El lunes, gracias a un reportaje de EL UNIVERSAL, se hizo público un video que aparentemente muestra a soldados ejecutando a un civil herido en Nuevo Laredo, Tamaulipas , minutos después de un enfrentamiento con un grupo de pistoleros.

Horas después de esa revelación, el diario El País presentó una investigación sobre adquisiciones en las secretarías militares. En particular, el artículo refiere que, entre 2013 y 2019, la Secretaría de la Defensa Nacional (Sedena) ejerció 2,371 millones de pesos a través de 250 empresas señaladas como fantasmas por el SAT . Una parte importante de esos contratos está aparentemente relacionada con proyectos de obra pública fuera de la esfera militar.

En ambos casos, las autoridades tanto civiles como militares han anunciado que se realizará una investigación y es posible que se llegue a sanciones para algunos responsables específicos.

Pero, más allá de la anécdota, esto revela un problema más de fondo. Dado el fracaso de múltiples instituciones civiles, diversos gobiernos desde hace varias décadas han encomendado cada vez más funciones a las fuerzas armadas.

Además de las tareas del ámbito estrictamente militar, el Ejército y la Marina son las instituciones centrales en materia de protección civil y de respuesta ante desastres naturales. Realizan tareas de reforestación y protección de áreas naturales protegidas. Son, en muchas regiones, el instrumento de implementación de programas sociales. Realizan múltiples obras de infraestructura. Y están, por supuesto, las labores crecientes en materia de seguridad pública que varias administraciones federales les han encomendado, llegando a un paroxismo en el actual gobierno.

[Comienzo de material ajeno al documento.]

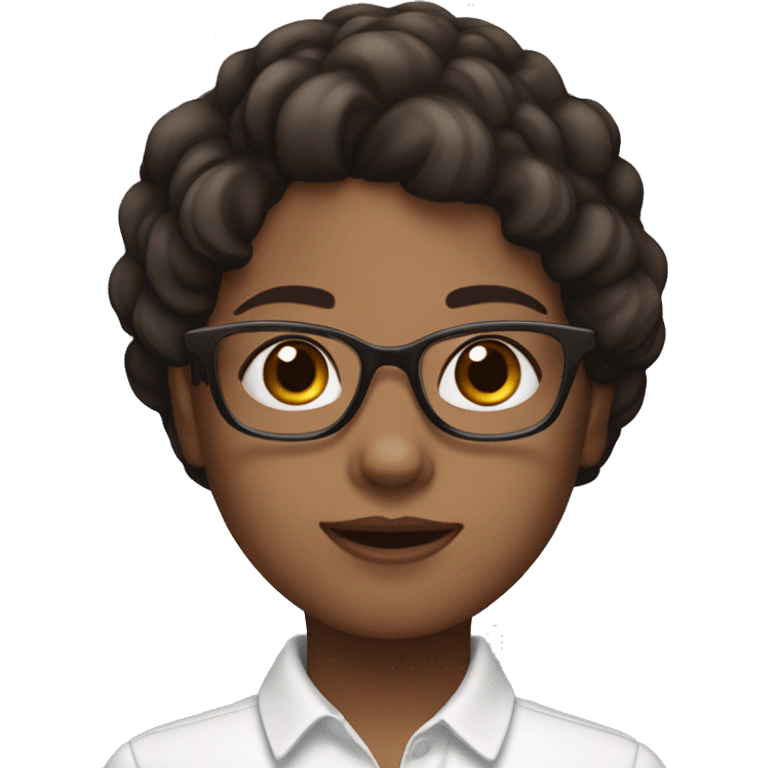 Girl with white skin, dark brown hair and brown eyes and glasses emoji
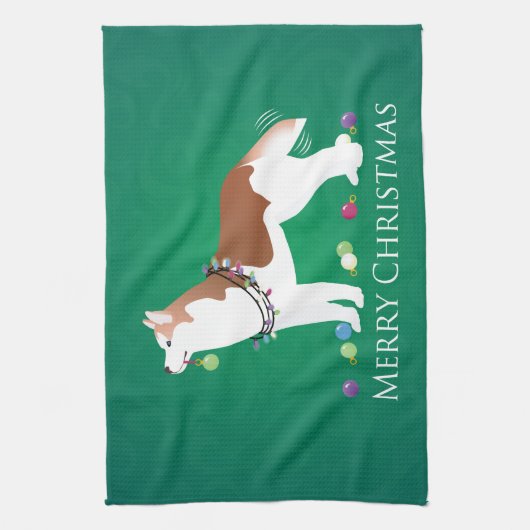 Siberian Husky - Rood - Duurzaam kerstontwerp Theedoek (Verticaal)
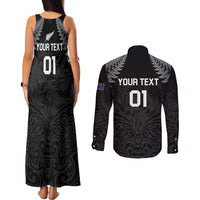 Custom New Zealand 2024 Rugby Couples Matching Tank Maxi Dress and Long Sleeve Button Shirt Silver Fern Aotearoa Kiwi LT01 - Polynesian Pride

Esta avalancha de nuevas responsabilidades ha puesto a las fuerzas armadas en una situación de riesgo. En la medida en que los militares realizan funciones de policía, aumentan las interacciones con los civiles y, en consecuencia, el riesgo de violaciones a los derechos humanos (allí están los casos del Tec de Monterrey o de Tlatlaya, por dar solo dos ejemplos).

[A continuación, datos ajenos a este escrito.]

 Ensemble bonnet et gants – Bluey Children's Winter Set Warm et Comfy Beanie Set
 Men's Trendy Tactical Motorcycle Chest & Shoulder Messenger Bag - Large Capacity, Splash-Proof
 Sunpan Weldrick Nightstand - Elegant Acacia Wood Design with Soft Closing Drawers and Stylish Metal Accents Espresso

Asimismo, al otorgarle mayores funciones a las fuerzas armadas, se incrementa la complejidad burocrática de su operación y se multiplican las oportunidades de corrupción. Esto no significa poner en duda la integridad de soldados y marinos, pero apunta a los riesgos que significa hacer muchas más cosas.

El aumento en las responsabilidades de las fuerzas armadas no ha venido acompañado de un incremento proporcional en los presupuestos militares. El país destina menos de 0.5% del PIB al gasto de defensa, menos que cualquier país latinoamericano y del Caribe, con la excepción de Haití. Asimismo, los presupuestos de Sedena y Semar no han tenido aumentos en términos reales desde 2013.

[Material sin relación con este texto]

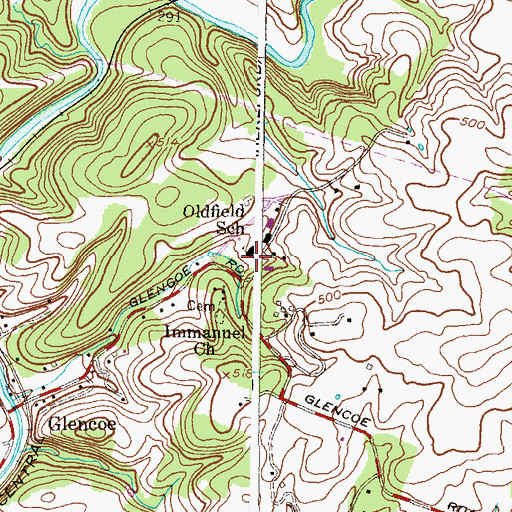 Topographic Map of Oldfield School, MD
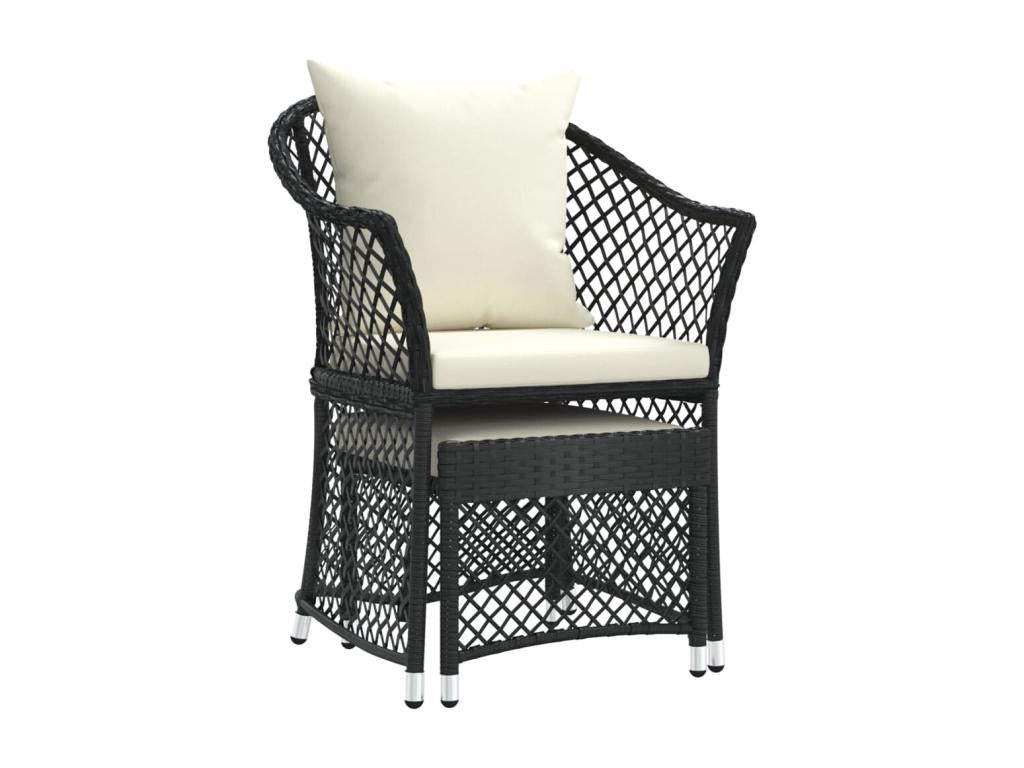 Salon de jardin 2 pcs avec coussins Noir Résine tressée YPUJ41346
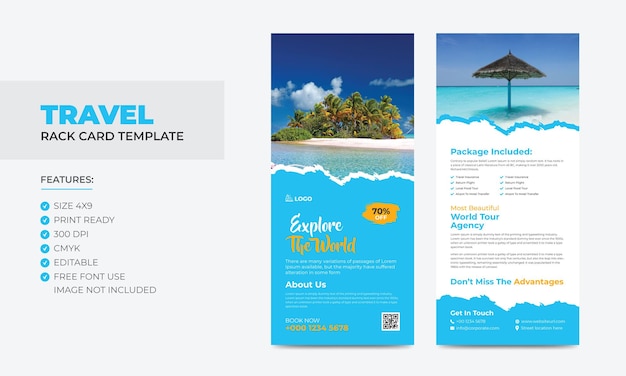 Travel rack card or dl flyer template doublesided tour poster leaflet design template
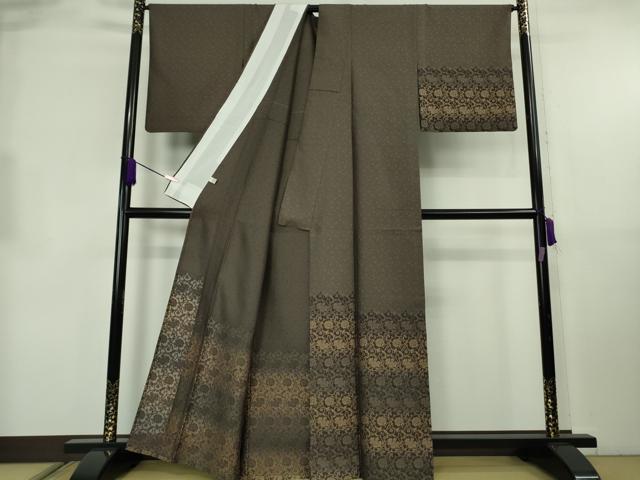 平和屋本店▽極上　創業200年・7代目永治屋清左衛門　訪問着　単衣　お召地　花唐草文　黒橡色地　逸品　DZAB8825kh6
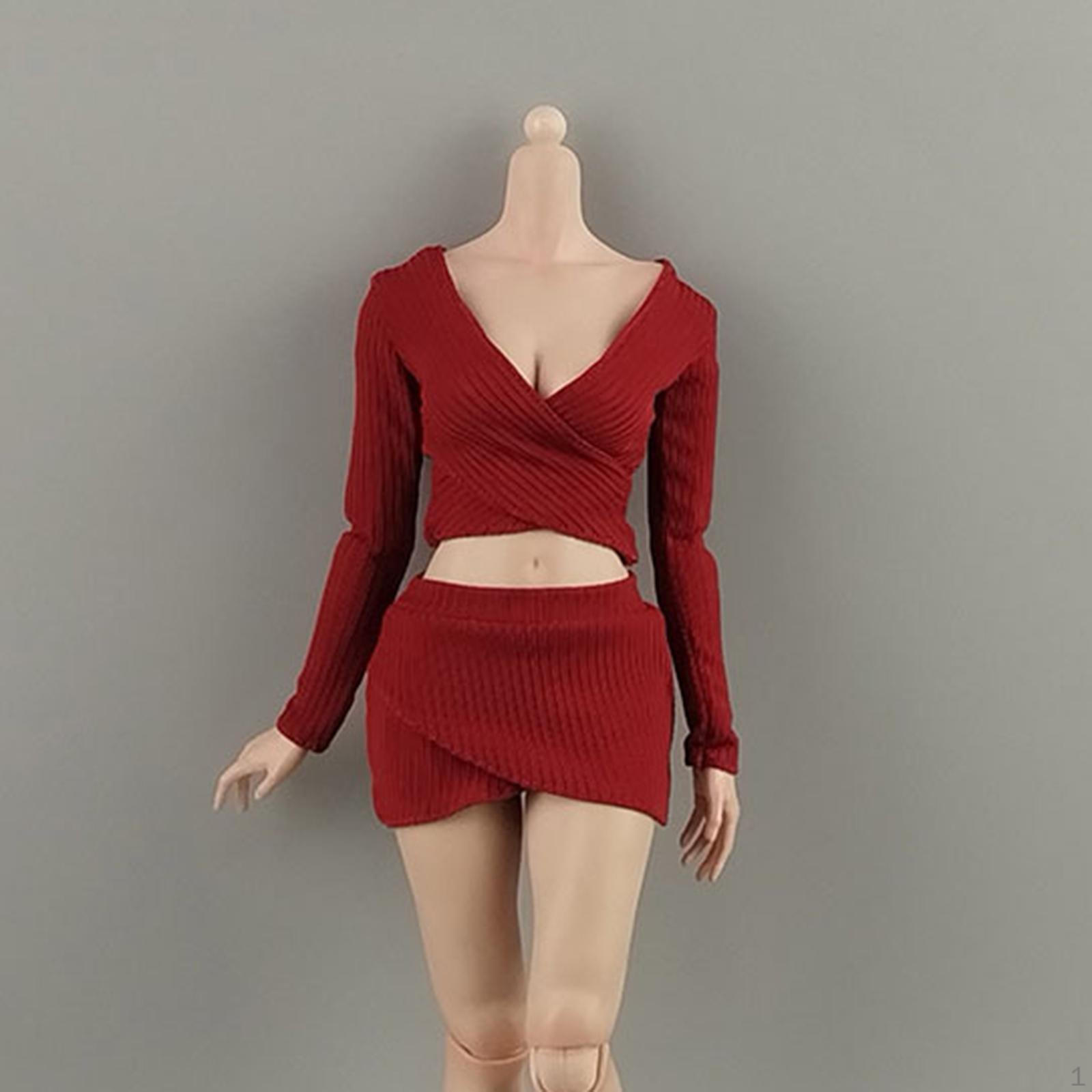 

1:6 Женских кроп-топов Одежда для экшн-фигурок Мода Ручная работа Косплей Топ с длинным рукавом для 12 Deep Red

Tampoco ha habido un fortalecimiento de los mecanismos de control civil sobre las fuerzas armadas. No está de más recordar que, de 1946 a la fecha, no ha habido un solo titular de la Sedena que haya sido removido de su cargo antes de finalizar el sexenio en el que sirvió. México es, además, uno de los dos países latinoamericanos que nunca ha tenido a un civil a la cabeza de su ministerio de defensa.

Esa combinación de más responsabilidades, mismos recursos y pocos controles es de alto riesgo para las fuerzas armadas y, en consecuencia, para el país mismo. En consecuencia, habría que ir revirtiendo esa situación por tres vías: a) delimitando de manera más estricta el ámbito de actuación de los militares, b) revisando al alza el presupuesto de defensa, y c) fortaleciendo los mecanismos de control civil.

Mucho me temo, sin embargo, que eso no va a suceder antes de 2024.